Dharmakirti cm t lie Nyaya-concept of debate
Dharmakirti’s account of the nature of debate differs significantly from the Nyaya account. The first point of difference is that of terminology. What Naiyayikas call Vada is not the same as what Dharmakirti calls Vada. Naiyayikas classify katha (discussion) into three kinds: vada, jalpa and vitanda. ‘Vada’ roughly stands for a friendly discussion between a teacher and his disciple or between two co disciples where the question of victory or defeat does not arise. ‘Jalpa’ stands for a debate between two parties where both the parties try to justify their own positions against each other. In jalpa the question of victory and defeat is most relevant. ‘Vitanda’ stands for a debate similar to jalpa the difference being that in Vitanda one of the parties does not present any position of its own, but it only attempts to refute the position of the other party.

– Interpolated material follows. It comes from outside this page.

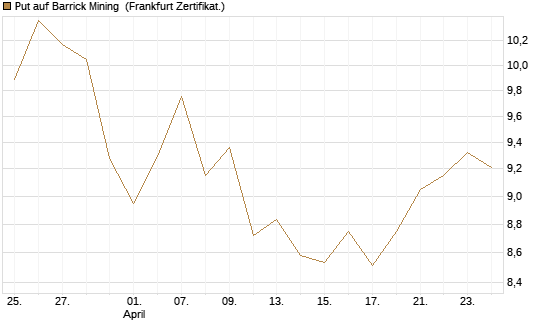 Put auf Barrick Mining [BNP Paribas Emissions- und Handelsges.] Chart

What Naiyayikas call vada resembles what Dharmakirti calls prapancakatha or vistarakatha (see, for instance, sections 70, 72, 73). Prapancakatha a diffuse discussion which is not governed by any rules concerning defeat or victory. But unlike vada it is not restricted to the discussion between teacher and his disciple or between two co-disciples. It can take place between any two persons interested in a subject.